* [Brief descriptive captions]:
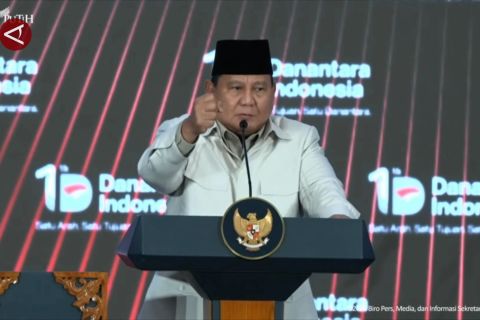Prabowo puji capaian Danantara masuk 10 SWF dunia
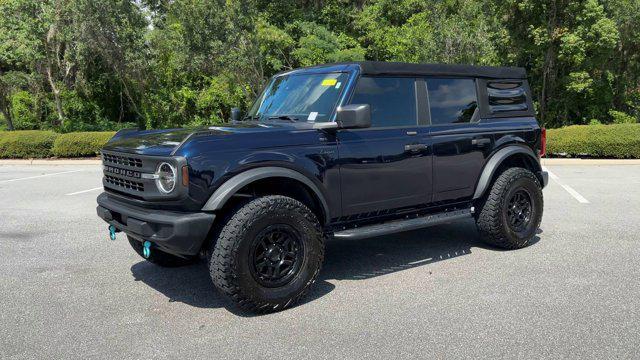 used 2021 Ford Bronco car, priced at $37,000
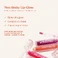 Увлажняющий блеск для губ Tower 28 Beauty ShineOn Lip Jelly Hydrating Non-Sticky Lip Gloss Color: Coconut - semi-sheer, milky rosy pink Size 0.13 oz/ 3.9 mL - Фото 5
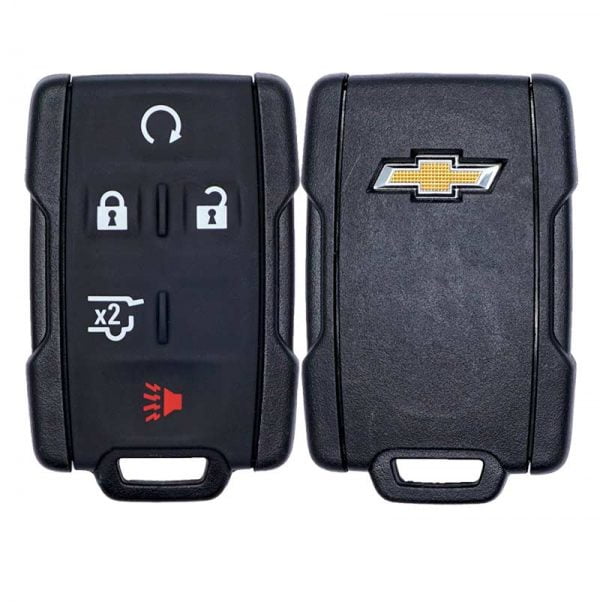 2015-2020 CHEVROLET TAHOE SUBURBAN 5B KEYLESS REMOTE FOB TRANSMITTER M3N32337100 13580081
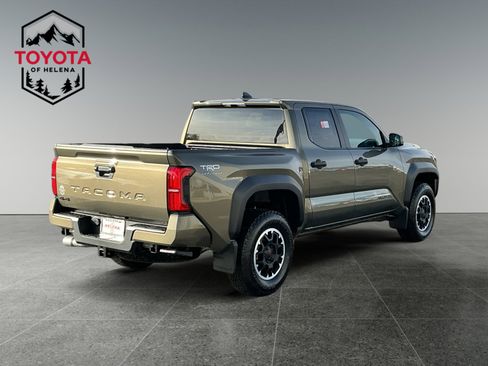 New 2026 Toyota Tacoma TRD Off-Road image 5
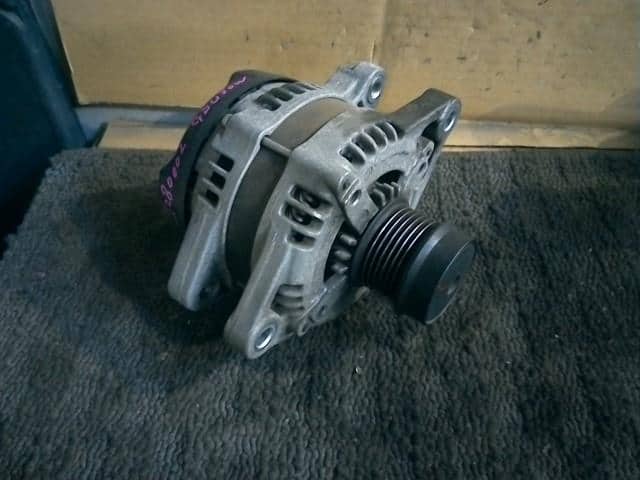 [Used]Alternator TOYOTA Harrier 2007 DBA-GSU30W 2706031091 - BE FORWARD ...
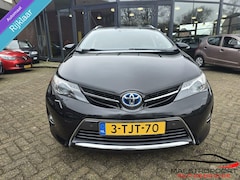 Toyota Auris - 1.8 Hybrid Lease+ ECC PANODAK LMV NAVIG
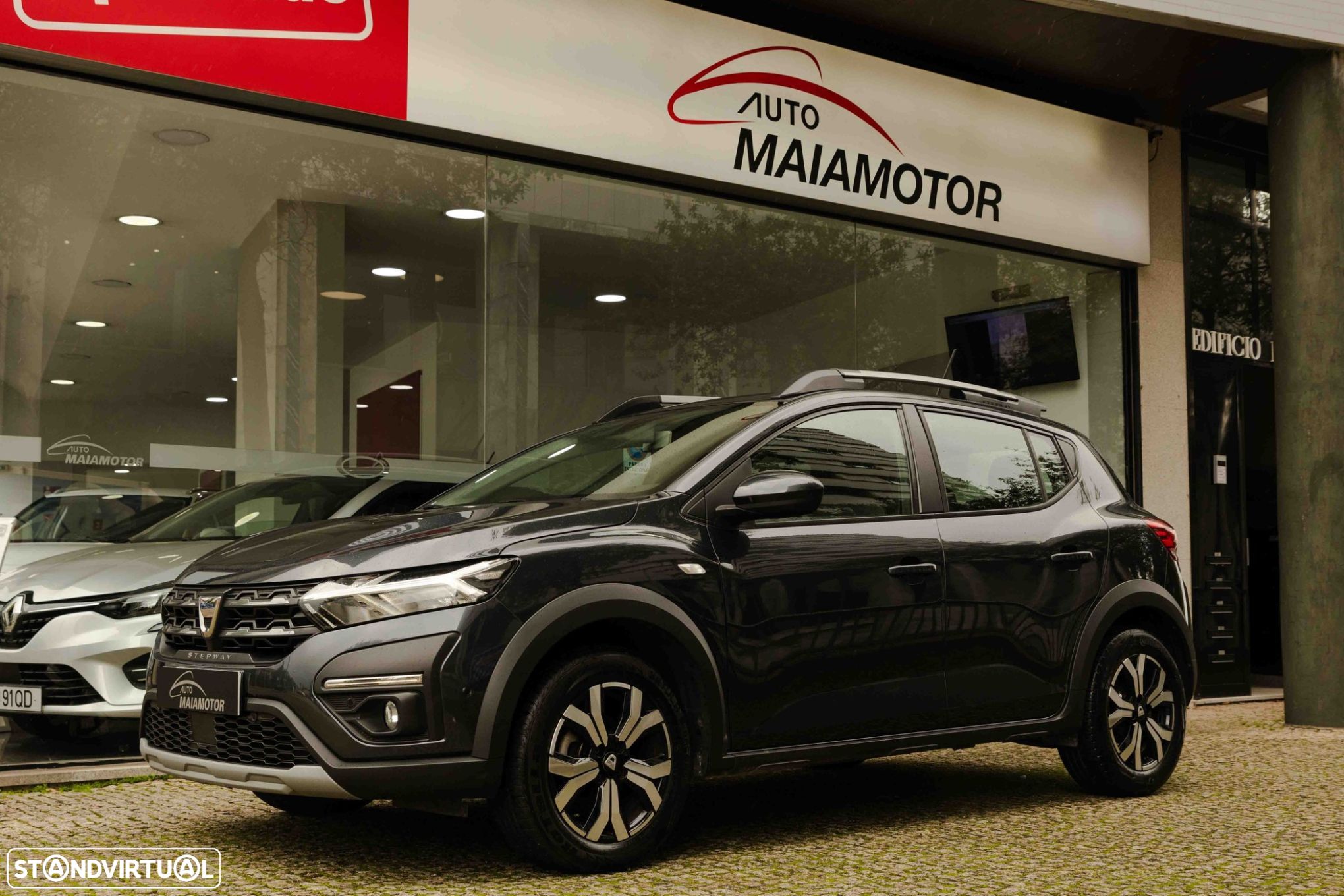 Dacia Sandero 1.0 TCe Stepway Extreme - 1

* [EXERCISE DIRECTIONS]: Copy each entry above exactly; drop the pictures.

* [RESPONSE BELOW]:
Prabowo puji capaian Danantara masuk 10 SWF dunia
 used 2021 Ford Bronco car, priced at $37,000
 Увлажняющий блеск для губ Tower 28 Beauty ShineOn Lip Jelly Hydrating Non-Sticky Lip Gloss Color: Coconut - semi-sheer, milky rosy pink Size 0.13 oz/ 3.9 mL - Фото 5
 2015-2020 CHEVROLET TAHOE SUBURBAN 5B KEYLESS REMOTE FOB TRANSMITTER M3N32337100 13580081
 New 2026 Toyota Tacoma TRD Off-Road image 5
 [Used]Alternator TOYOTA Harrier 2007 DBA-GSU30W 2706031091 - BE FORWARD ...
 Toyota Auris - 1.8 Hybrid Lease+ ECC PANODAK LMV NAVIG
 Dacia Sandero 1.0 TCe Stepway Extreme - 1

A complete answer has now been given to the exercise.